The gay-themed Wedding of Modern Family

The lowest aspect of this type of program was CBS’s hour-long 1967 investigation “The Homosexuals. The show began with a survey declaring that Americans believed that homosexuality was “more harmful to society than adultery, abortion or prostitution” but did nothing to alleviate those concerns. There were other sensitive portrayals of gay characters; for instance, the ABC TV movie The Certain Summer even portrayed homosexuality as a personal tragedy.

In the 1980s, a brand new trend began to emerge. As gay rights groups grew more vocal, television grew braver in depicting gay characters. The shows like Hill Street Blues and LA Law featured gay characters, usually in a single storyline and “special episodes.” In the present, homosexuality is still a problem; however, this was likely an individual or emotional one rather than a social issue as it was in earlier times.

There were notable exceptions, however, like Soap’s Jodie Dallas aside, the gay characters were more likely to have a very short lifespan. In a bid to not show the evolution of the relationship between gays, the networks limited themselves to showing gay characters being out and then, later, grappling with the consequences of AIDS. They then seemed to be out of concept.

Seinfeld was a show that featured a touch of “straight panic.”

In the 90s, the appearance of gay and lesbian characters was nearly commonplace on sitcoms that aired in prime time. The only exception was Ellen Morgan – after The Puppy Episode – they were not often the main characters. However, they could be regulars in the series, particularly when they brought comic relief.

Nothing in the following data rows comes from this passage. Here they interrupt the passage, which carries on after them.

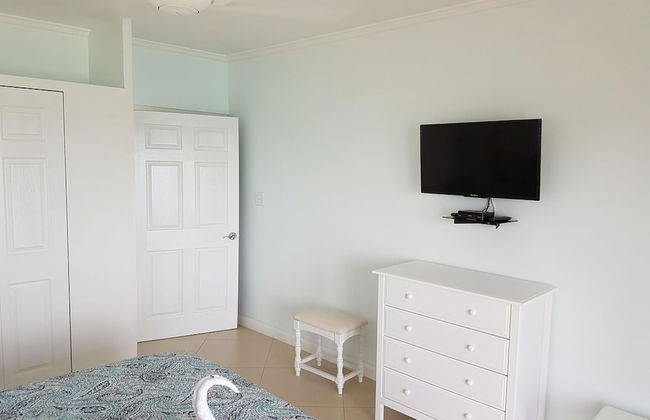 Je Suis Jamaica - 4 B R Beachfront Villa w Staff - Photo 21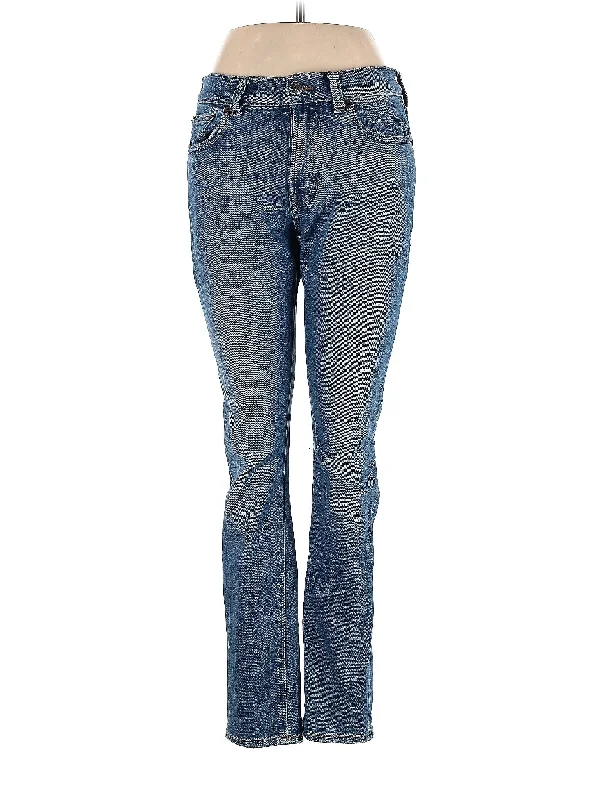 Denim jeans for a shopping spree while remaining comfortable on your feetHigh-Rise Straight-leg Jeans in Medium Wash Denim jeans for a shopping spree while remaining comfortable on your feetHigh-Rise Straight-leg Jeans in Medium Wash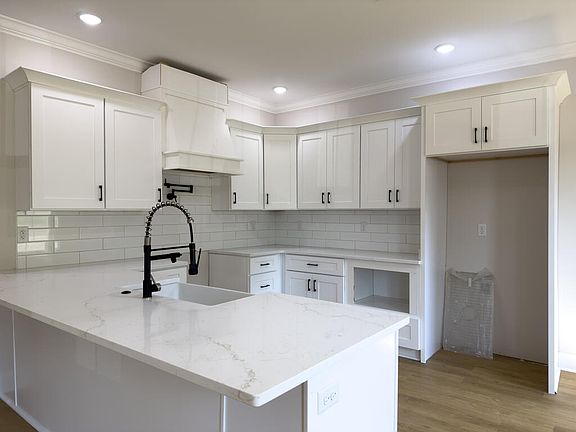 5th image of 1309 Jones St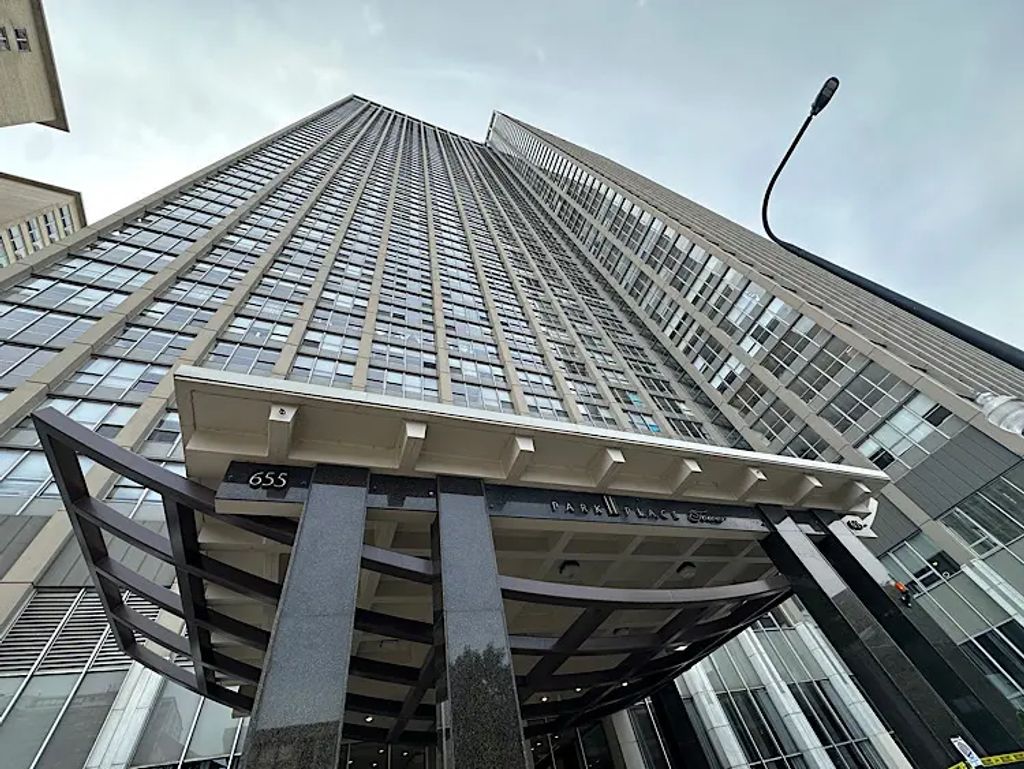 655 W Irving Park Road 1007, Chicago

Of course, it was also a time of transformation. Ron Becker has argued that gay characters on television in the 1990s were an image of status for people who wanted to show off their progressive views through the entertainment they consumed. This was also the time of the phenomenon that Becker refers to as “straight panic.” Male characters such as Frasier Crane or Jerry Seinfeld were faced with their male ambiguity as a result of the changing cultural public acceptance of homosexuality.

In the years following 2000, gay characters were a more reliable and regular element in the American television scene. Not just one-episode wonders anymore. They starred and were loved as main characters in shows such as Buffy the Vampire Slayer and Brothers and Sisters.

But it was also a period when television was becoming fragmented and increasingly niche channels. This meant that even the depictions of lesbians and gays on television shows like queer as Folk and The L Word were incredibly sustained and multi-layered. However, they were only watched by a smaller viewership.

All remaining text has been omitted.